With the ball still in the air and all the boring grown-ups attentively observing, his son appeared to already know something special was in the works:

Something really special:

Specifically, that something wound up being a hole-in-one. Wow! Magnificent! Let the princess pop out of the center of the mini golf castle; may your next visit be 50 percent off. Alayna was appropriately excited:

But not nearly as excited as Tony himself. Finau went bounding down the fairway, one finger raised to the heavens, in case the Great Golf God in the sky was distracted with his Great Golf Scorecard and happened to miss what just happened on this most sacred Augusta greenery:

Tremendous! Really great work. I wonder what the rest of the Finau family is doing, though? Tony—better turn around and check, my man. But no need to stop running. You can do that backwards, for sure. How hard can it be, here on this neatly mowed hill, with hundreds of spectators cheering on all sides?

Look at his children! So small! So proud! Look! Look! Wait, no, seriously, look down!

Oh no. He tripped. How dreadful! Hope Tony’s OK.

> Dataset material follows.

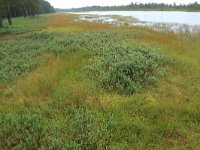 EST, Harjumaa, Kuusalu, Lahemaa rahvuspark 4, Saxifraga-Hans Boll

[rewinds] Tony is definitely not OK.

To return to my non-doctordom: I do not know what this injury is. Is it a dislocation? Is it a break? Is it a nasty sprain? Is it something less terrible—maybe just some sort of shoe mishap? Has anyone ever been quite so happy at the moment their limb went 90 degrees in the wrong direction? I do not know, but I am reasonably confident this would be, to me, a fatal injury. But Tony is strong. What does one do here, now that this has happened? Scream, probably. Collapse, wailing into the great green earth. Refuse to move until the paramedics have been summoned. Wait for a body bag.

But Tony? Not Tony. Here, friends, is an image of Dr. Tony Finau, a degree he won Wednesday via self-diagnosis, doing what looks a great deal like popping his own ankle back into place:

And here he is, moments later, resolutely standing up and using his possibly horrifically injured ankle to continue propelling his body forward in a motion typically referred to as “walking”:

As of press time, Finau is continuing to golf.